Une couronne de fidèles enrichis
Autour d’eux, une nébuleuse d’alliés tout aussi prospères.
Mohamed Ali Saliou, véritable homme de l’ombre, détiendrait un patrimoine de plus de 700 millions de FCFA, un hôtel, des mini-cités et seize voitures de luxe.
Ian Ghislain Ngoulou, ancien conseiller politique, serait propriétaire de 27 villas avec piscines et d’une maison à Franceville.
Abdoul Oceni Ossa, présenté comme le bras droit de Noureddine, aurait investi dans un complexe de 13 villas et un appartement à Dubaï.

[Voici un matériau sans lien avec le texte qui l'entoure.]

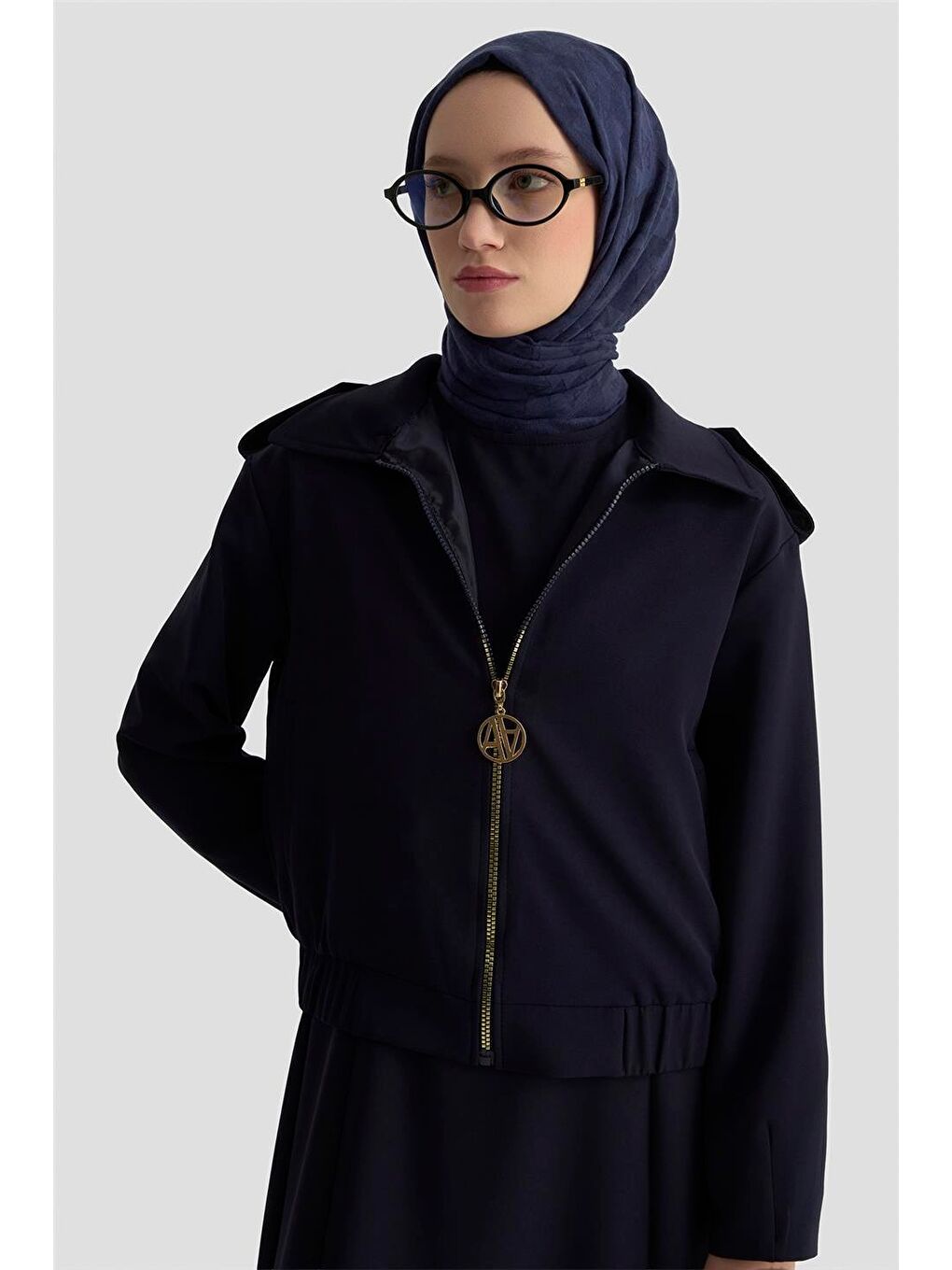 Elbise 25Kt906 Lacivert-3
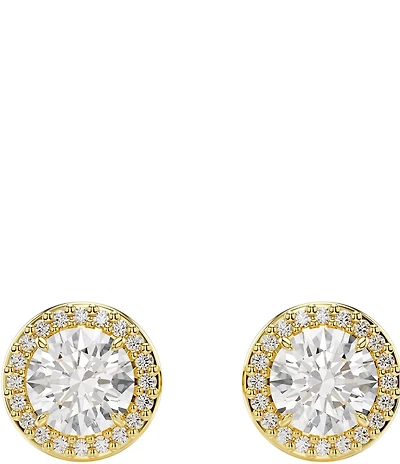 Swarovski Una Round Crystal Halo Stud Earrings
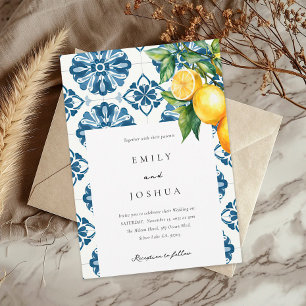 Convites Casamento Italiano Lemon Citrus Positano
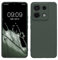 kwmobile Housse Compatible avec Xiaomi Redmi Note 13 Pro 5G / Poco X6 5G Coque - Housse de téléphone en TPU avec Protection Appareil Photo - Vert Mousse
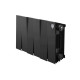 Радиатор биметаллический Royal Thermo PianoForte 200 Noir Sable 6 секций боковое подключение НС-1346015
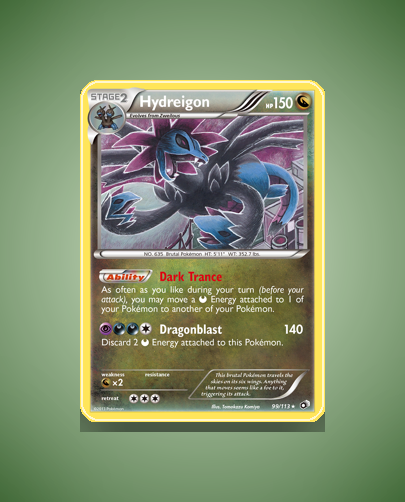 Hydreigon (Legendary Treasures) #99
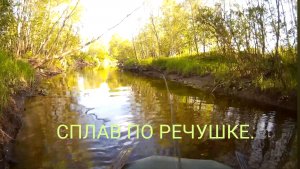 СПУСК по ЛЕСНОЙ РЕЧКЕ на ЛОДКЕ.ЩУКА на спининг.Рыбалка 2021.#12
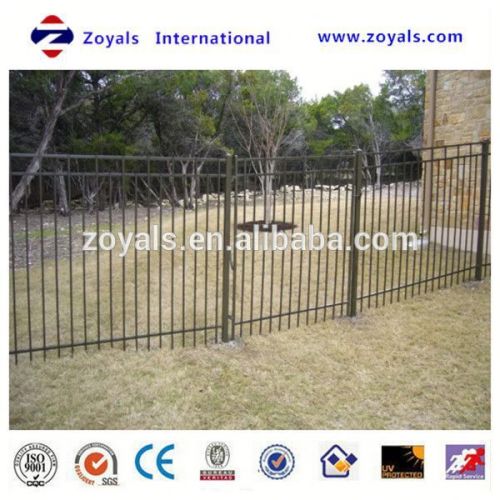 temperary aluminum ornamental fence manufacturer with ISO 9001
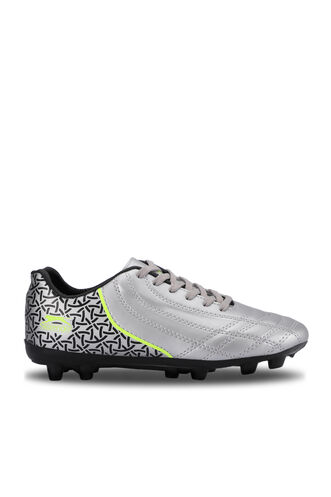 Slazenger HINO KR Football Boys' Cleats Shoes Gray - Black - Thumbnail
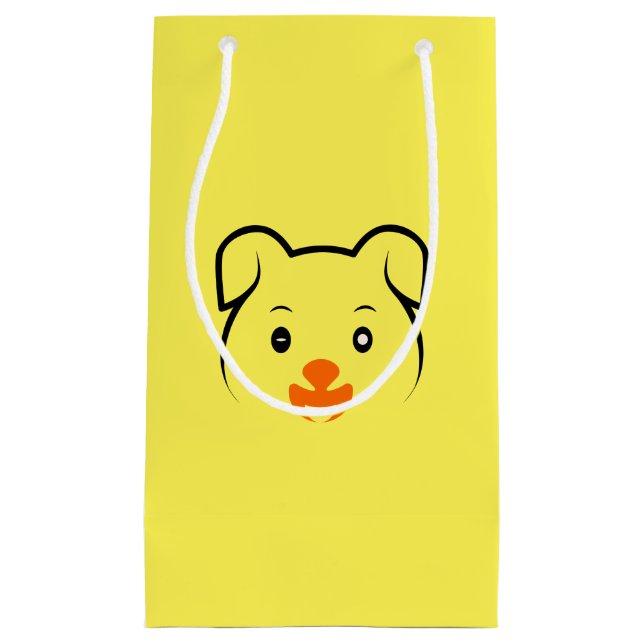 Bolsa De Regalo Pequeña Cachorro (Anverso)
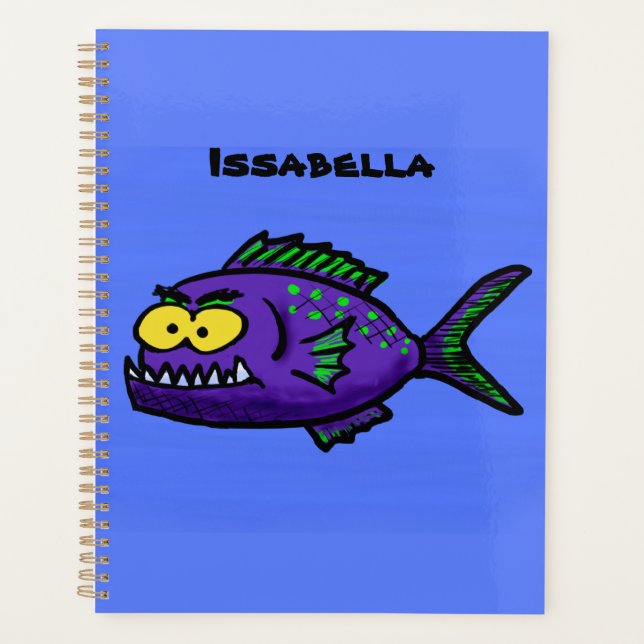Caricature de poisson de Piranha (Devant)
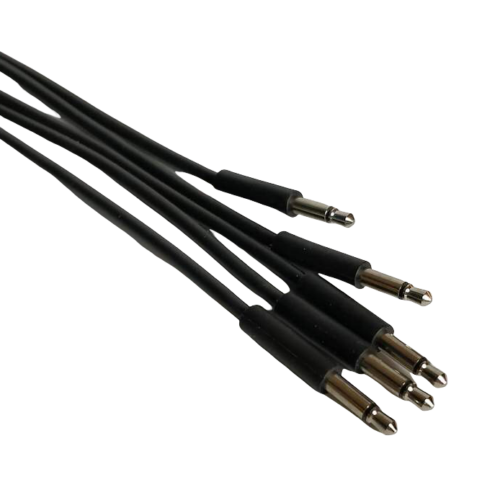 After Later Audio Skinny Patch Cables (60cm – 5 Pack – Black)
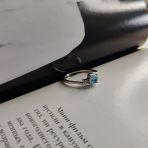 Серебряное кольцо Tiva с натуральным топазом 0.657ct, вес изделия 1,82 гр (2145318) 17 размер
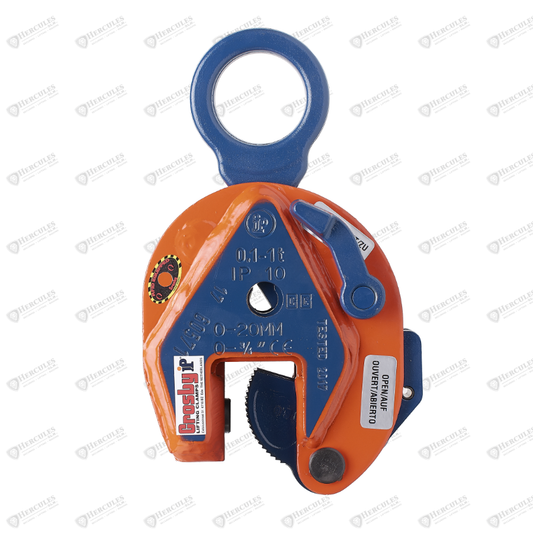 CLAMP 1 TON VERTICAL 0-0.75" JAW STR EYE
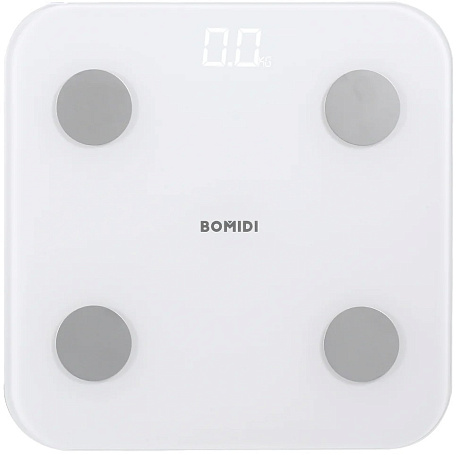 Весы Xiaomi Bomidi S1 Smart Digital Weight Scale, белые в Челябинске купить по недорогим ценам с доставкой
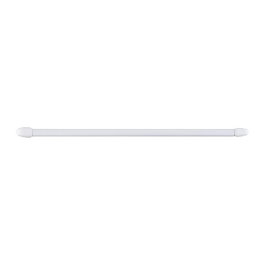 Cintacor Portavisillo extensible plano blanco, ø1,1 x 80 - 145 cm, 2 uds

Même les profils secondaires ont profité de la manne
Jessye Ella Ekogha, ancien porte-parole de la présidence, disposerait de plus de 200 millions de FCFA, d’un marché à Bitam, et d’un compte en France.
Cyriaque Mvourandjiami posséderait plusieurs résidences et un parc automobile de haut standing.
Quant à Steeve Nzegho Dieko, ex-directeur de cabinet politique, il aurait acquis plusieurs terrains et maisons entre Libreville, Makokou et Marseille 2, certains achetés « cash ».
“Nous étions bien payés”, se défendent les accusés
À la barre, les mis en cause adoptent la même ligne : tous affirment que leurs biens proviennent de leurs salaires, primes et gratifications.
Une défense que le ministère public juge “irréaliste”, au regard des sommes astronomiques et des acquisitions “hors de proportion avec leurs revenus officiels”.
Pour les observateurs, ce procès historique n’est pas seulement celui d’un clan déchu — il marque aussi la fin d’une ère d’impunité, celle où les caisses de l’État étaient traitées comme un patrimoine privé.
L’audience, suspendue ce mardi soir, reprendra ce mercredi 12 novembre avec la comparution des accusés présents.
Le pays, lui, observe, entre colère et sidération, la chute d’un système où le luxe insolent et la corruption régnaient en maître.